Our delayed response to COVID-19 has been rash and driven by fear, not data. This may end up costing us double because health depends on many factors. As we learned in the aftermath of the 2008 market crash, economic shocks have a direct impact on public health. The United States experienced a historical decline in life expectancy due to an epidemic of deaths of despair. In a matter of months, people lost their jobs, lifetime savings, and their homes. A strikingly similar situation is happening now.
Fact is a public health and stable economies go hand in hand. But in the current COVID-19 response, we have pitted these against each other. We either save lives by going on total lockdown or we go back to business as usual and sacrifice the lives of those most at risk. I stand for a middle of the road approach: maximize protection for seniors and vulnerable people, while letting the young and healthy with proven immunity to the virus go back to work. In order to do this, we need more data about immunity.
While we pay attention to the growing number of COVID-19 cases, we are overlooking the fact that there are now nearly 200,000 people worldwide who have recovered from it and survived. Many have yet to be tested, but the majority of survivors are young, healthy and eager to reengage in life and work. We also know that reinfection cases are extremely rare and unlikely.

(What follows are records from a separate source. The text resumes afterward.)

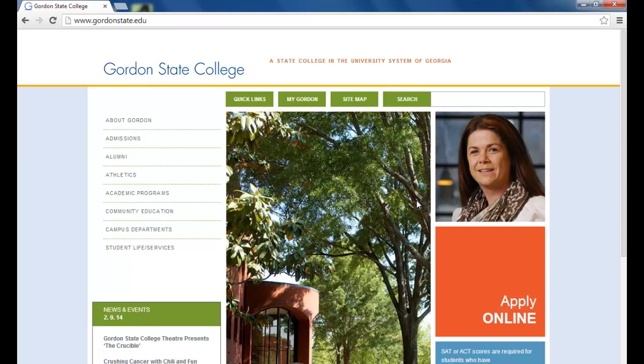First, you need to call the Student Success Center to set up a tutoring appointment. I'll have more information about that in the links below. Once you set up your appointment, you will be asked to fill out a pre-tutoring session information sheet. Please do so and return it to the Student Success Center before the time of your appointment. Don't worry, you don't actually have to come to the Student Success Center to return the sheet. You can do it all by email.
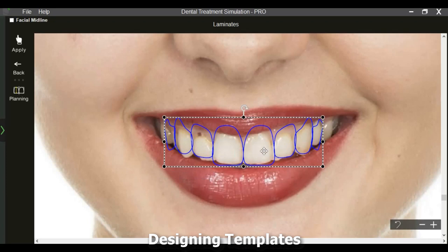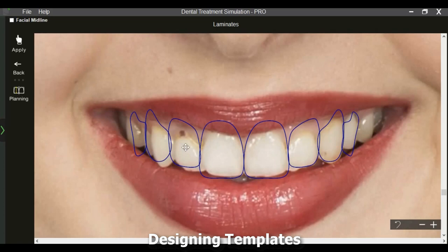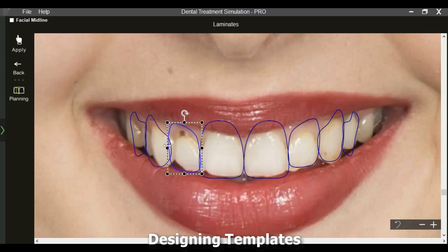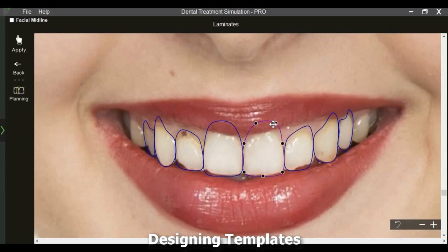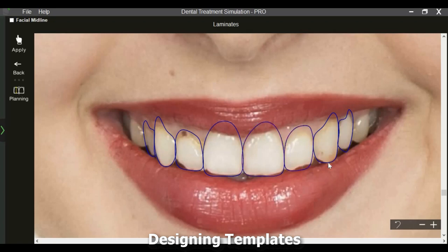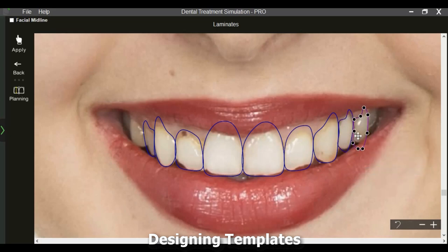Size, position, and alignment of all the templates can be adjusted as a group. In addition, individual templates can be resized, rotated, or designed as needed. Additional templates can be inserted by duplicating or mirroring.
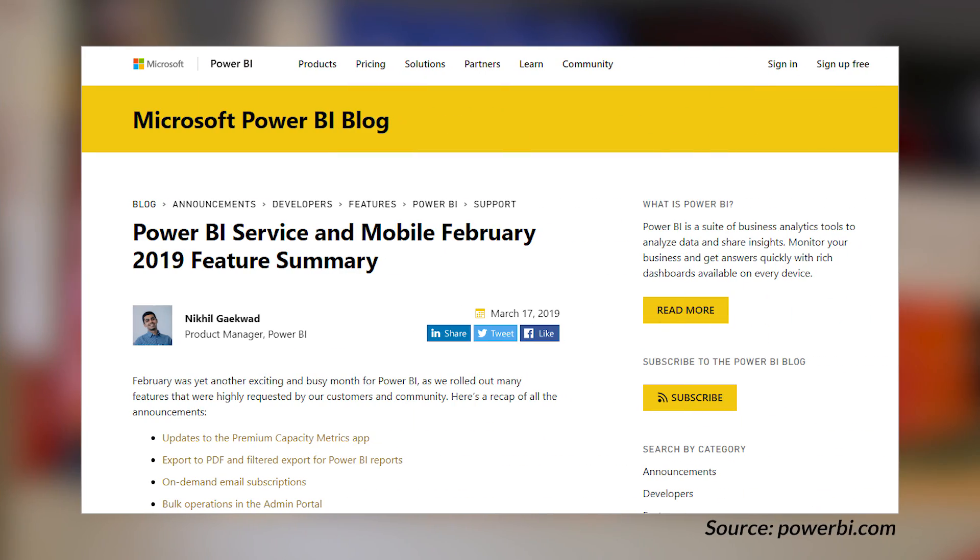Links, as always, are down in the description below, along with every link in this roundup and some bonus items. We also got a summary blog post on the Power BI service, mobile app, and Gateway for February 2019 — covering all the great things that came out that month. There was a lot of stuff: the premium capacity metrics app updates, bulk items updates in the admin portal, data lineage items inside of dataflows, on-demand email subscriptions, updates to the mobile app, and so much more. Go through the blog post and see everything you might have missed in February.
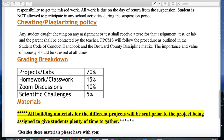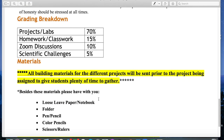For materials — this is the part I don't want you to get overwhelmed with. All building materials for different projects will be sent prior to the project being assigned to give students plenty of time to gather. A lot of these projects you'll be able to make with household stuff, and some may require a few extra things if you want to make them more detailed. I'll give you plenty of time to collect all your materials, and hopefully once we're back in the classroom we'll have even more things to play with.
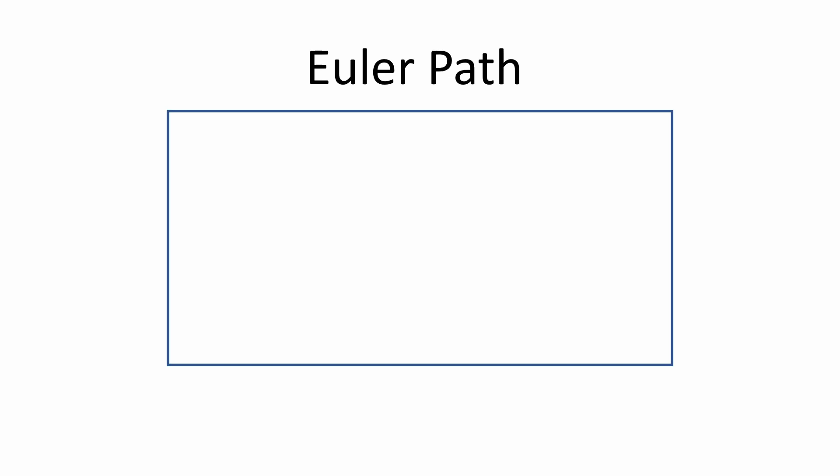An Euler path is a special type of path which you could take that goes through every edge exactly once, which can obviously be done with this rectangle. But it's not so obvious if an Euler path exists for this slightly more complicated graph.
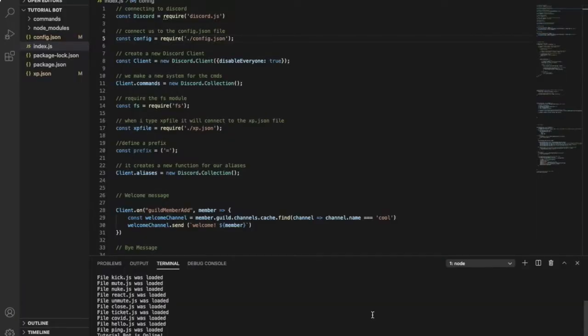Hello everyone and welcome back in a new video. Today I'm going to be teaching you how to make a ping command, since it was requested by one of our members in our Discord server. Make sure to check it out, it is in the description. So let's hop into the video.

Unfortunately, serology testing has been missing in US data-gathering efforts during the initial period of the epidemic. Serology tests measure COVID-19 antibodies in our blood rather than the virus presence in our bodies and are critical for understanding and managing an "iceberg epidemic." Why? Because at the end of the day, super-spreader COVID-19 is likely to infect a majority of the population, no matter how far apart we stay from one another in the coming weeks. The good news is that once immune, most people can go back to work. Our containment efforts must focus on the most vulnerable: the elderly and patients with underlying cardiopulmonary diseases.
We need to flatten the curve for the elderly but accelerate herd immunity for the healthy so that we don’t kill the economy trying to outrun the pandemic in lockdown. While home isolation for one month might stop an outbreak, it merely sets the clock back as the virus may return if it is not globally defeated.
Most economies, including that of the US, can’t survive the strong lockdown medicine for a whole year. Let’s use data from serology tests to get a full picture of the iceberg, craft policies that protect the elderly and avoid an economic catastrophe that will negatively impact public health for years.
Ariel Pablos-Mendez, M.D., MPH is a professor of Medicine at Columbia University Medical Center, New York and former head of global health at the US Agency for International Development (USAID).